If you are a spiritual person, ask the God of your heart to support you in letting go of being over-responsible with your son, and ask the God of your heart (or your son’s guardian angels) to help him learn how to take financial care of himself.
Imagine how good you will feel when you start to put your energy back into your own life - it will be a gift to yourself and others. Start practicing it today. Say “no” to others as often as possible for practice. Start saying “yes” to yourself every day. Money that you would give to your son, spend on yourself. Give your son a chance to grow up - the sooner he learns this, the better off he’ll be.
I hope this helps - take care,
Gini
November 27th, 2010 at 7:55 pm
I do feel guilty when i tell him no,and he has a gf and she has a child and she doesnt work and so he trys to take care of them and I cant see them out on the street well I know they would come here becasue I am the person they know wouldnt let them suffer,I just dont know what the heck to do ,my husband b***hes at me all the time and hasa fit like when my son’s vehicle broke down he needed to use our’s so we said yes WE said yes then a deer hits our vehicle while in his possession and all i heard was balhbahlbaahblabhahbal I dont know,I feel as though I just want to runaway from the entire mess,but i know i cant i have to many ppl to take care of and I never take care of myself i am on the back burner to everything and everyone else.
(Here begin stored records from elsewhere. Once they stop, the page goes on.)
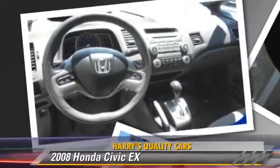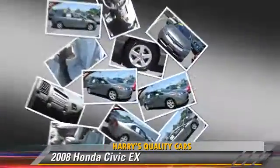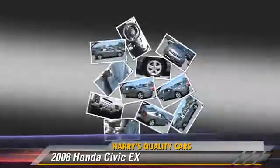Safety features include side airbags and ABS. Comfort and convenience features include power steering, power windows, and cruise control.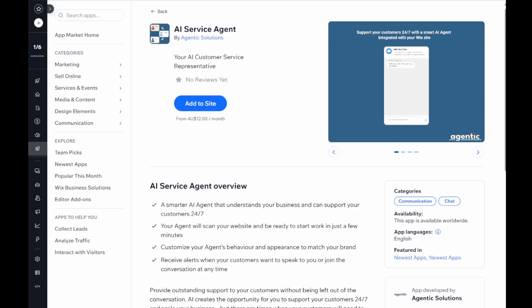Our trial lets you enable all of the features of the AI service agent free of charge. So what are you waiting for? You'll be amazed how quickly and easily you can have the latest AI technology working for you.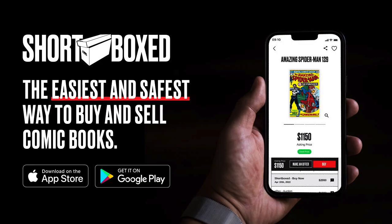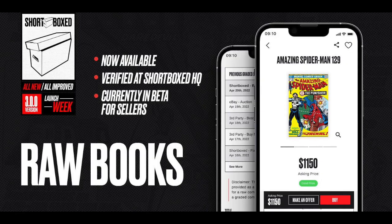This video is sponsored by the Shortbox app. It's the easiest and safest way to buy and sell comic books online. They now have raw comic books. There's a link in the description to download the app for both Apple and Android users, so download the app and start shopping or selling today.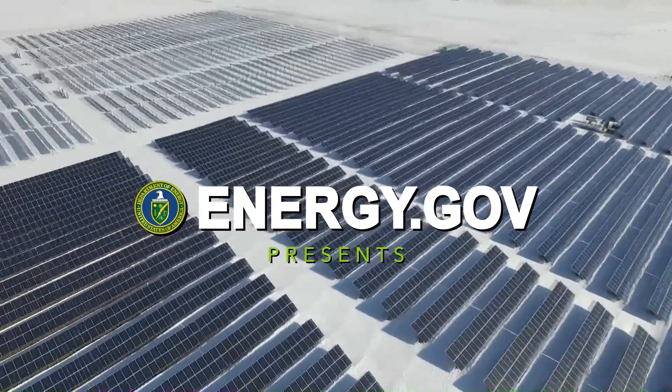If you thought solar panels were only useful during warm seasons, think again. Hi, I'm Greg O'Brien with the U.S. Department of Energy's SunShot Initiative.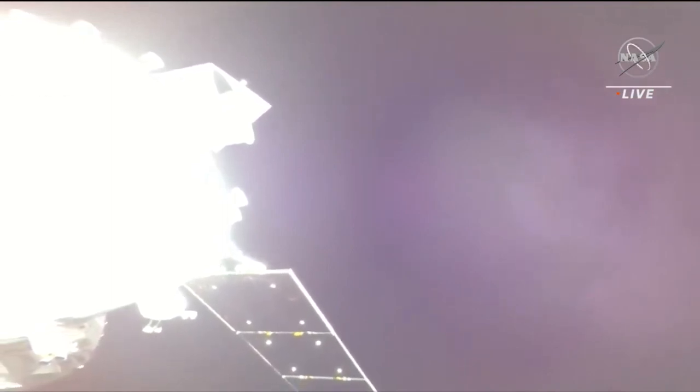Continuing to get a different perspective of Orion and the European service module as those solar array wings continue to move. As with nearly everything else during Artemis 1, the two main objectives for the imagery system is to capture the flight test objective data and ensure we have a safe vehicle for crew to fly on. Really starting to be able to make out that solar array wing now in the bottom left, now more middle of your screen.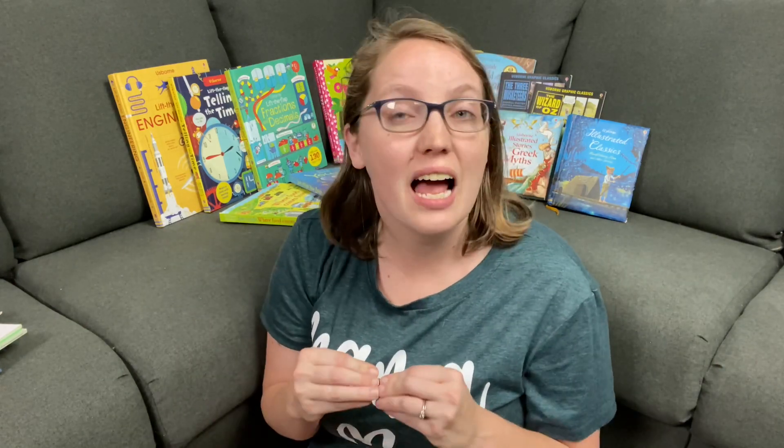Hey guys, welcome back to the channel. Today we are going to be talking about a favorite topic of homeschoolers and that is Usborne books. I'm going to share with you guys five of my favorite series or categories from the Usborne books — ones that would be specifically helpful in your homeschool. I am not a consultant for Usborne. I just love sharing the books they have to offer and can't wait to share some of our family's favorites. So let's get started.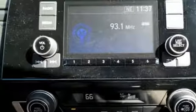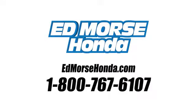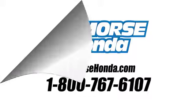Fit for wherever you take it. Make this CR-V yours today. Call us today at 1-800-767-6107. For value and for service, it's Ed Morse.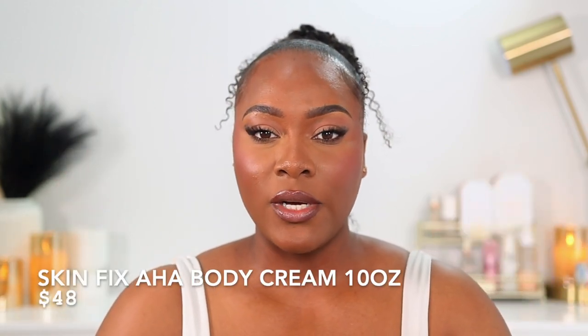For honorable mentions, first is Skinfix HABA Body Cream — this is more for targeted treatment. It's great if you have hyperpigmentation, dark spots, KP bumps, or just want baby-smooth skin. Use it two to three times a week; it has chemical exfoliants that fade dark marks and leave skin incredibly soft. I recommend this 100% if you want baby-smooth skin.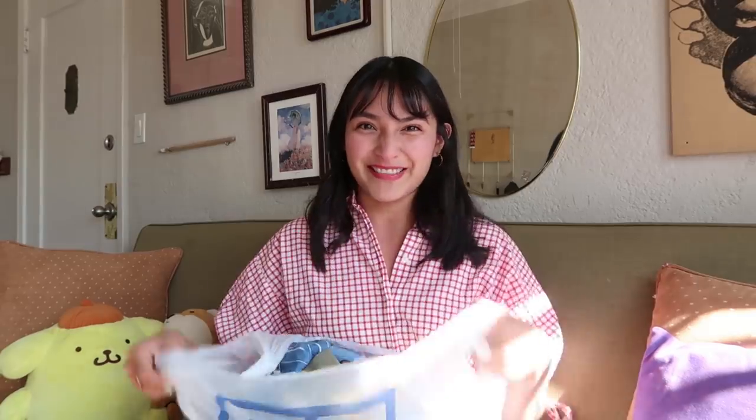We are home now, so let's go ahead and show off what I got. I only got one bag worth. I ended up spending around $71 on all of this, but I can't wait to show you guys, so let's get started.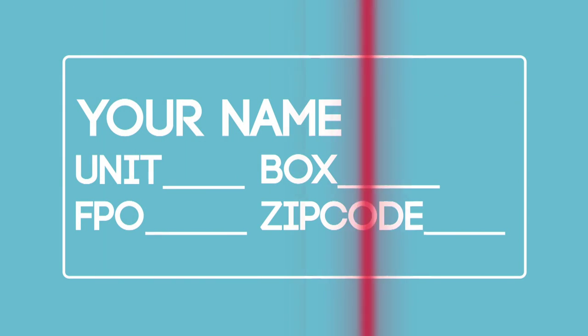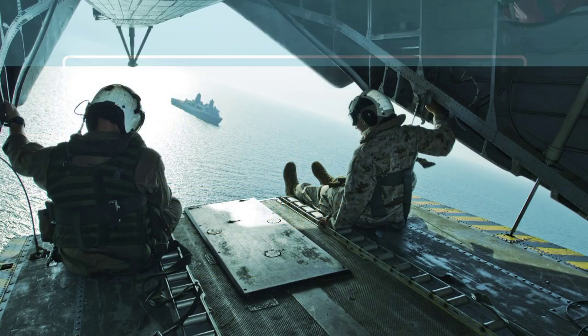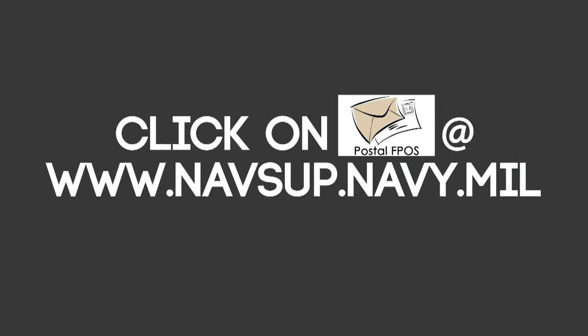Use all capital letters and avoid punctuation so mail processing scanners can easily read the address and get your mail to you wherever you are. There's more information online.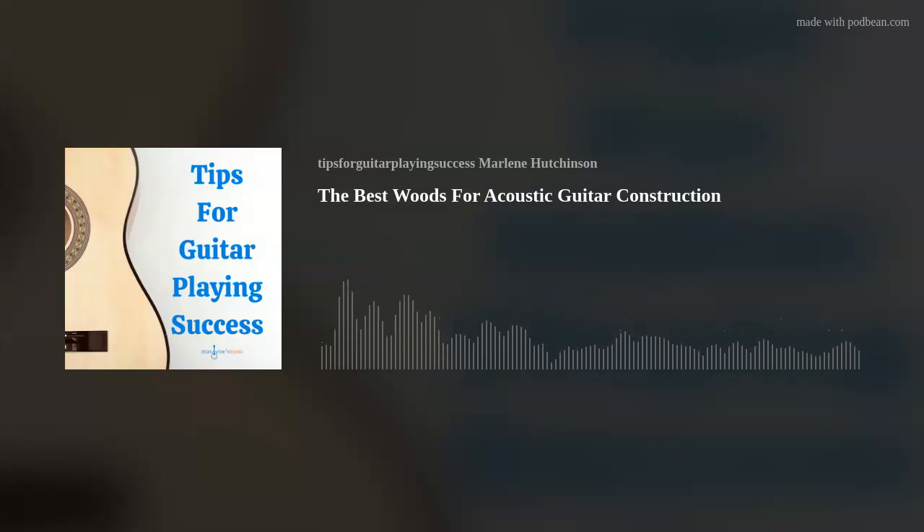The fretboard — the top of the neck — is usually made with ebony, rosewood, or maple. The bridge should also be a hardwood to withstand the tension and vibration of the strings; rosewood and ebony are common bridge woods. So celebrate Earth Day, Arbor Day, and International Guitar Month by learning all you can about guitar tree species.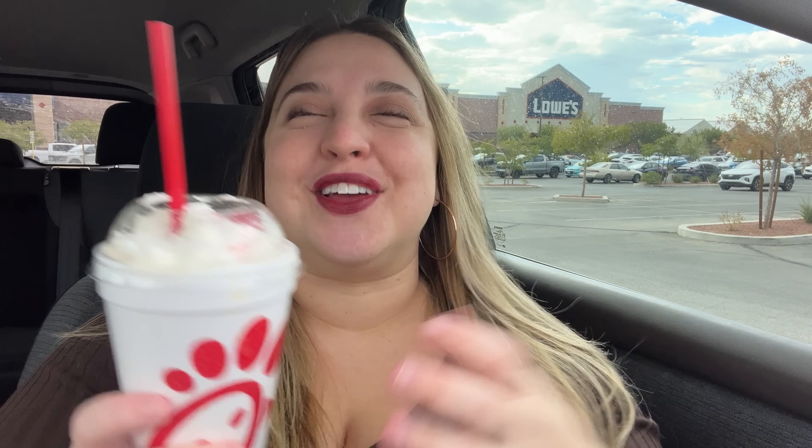I think Chick-fil-A came through. I'm going to give this a solid — even though it's not my jam flavor-wise — solid eight and a half. What do you think, babe? I think it's seven and a half for me. Seven and a half, okay, cool.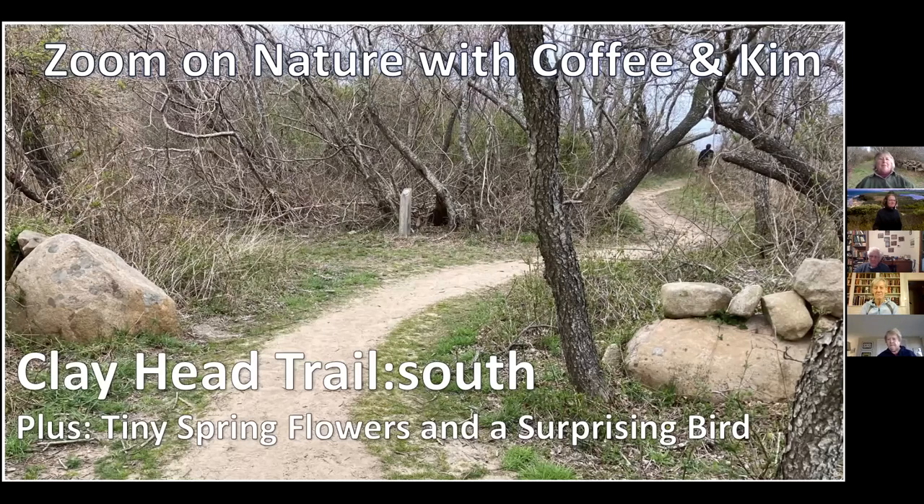Today we are doing Zoom on Nature at the Clayhead Trail South. This is actually the fourth Clayhead Trail Zoom since we started last summer, and I think it completes the Clayhead trail system. With that, we'll get right started today.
November 29th, 2010 at 12:27 pm
Hello Lisa,
I can totally understand that you would feel like running away from it all - it is a mess. But the fact that you are looking at it means you are ready to make a change within yourself that will lead to healthy changes without.
I really believe that if you spend time each day consciously loving yourself (in whatever way works for you - through meditating on self-love, pampering yourself with a bubble bath, taking yourself for a walk in nature without focusing on anyone else, etc), you will feel less guilty about setting boundaries with your son, and you will see that by setting boundaries you are loving yourself and setting a healthy example for your son.
Remember, Lisa, you are not responsible for anyone else’s life but your own. Each of us is a spiritual being with our own life journey to experience (including making mistakes and learning from them - if others allow us to face the consequences so we can learn). As you love and take care of yourself, others will learn to do the same (because if you don’t and you continue to care for everyone else first, they don’t have to learn to take care of themselves - think of the instructions you get when on a plane - put your oxygen mask on first before helping your child. Also think of mother birds - they kick their babies out of the nest so they can learn to fly).
My suggestion (in addition to actively loving yourself each and every day - make a commitment to do this) is to feel the guilt and say “no” anyway (similar to the saying “feel the fear and do it anyway).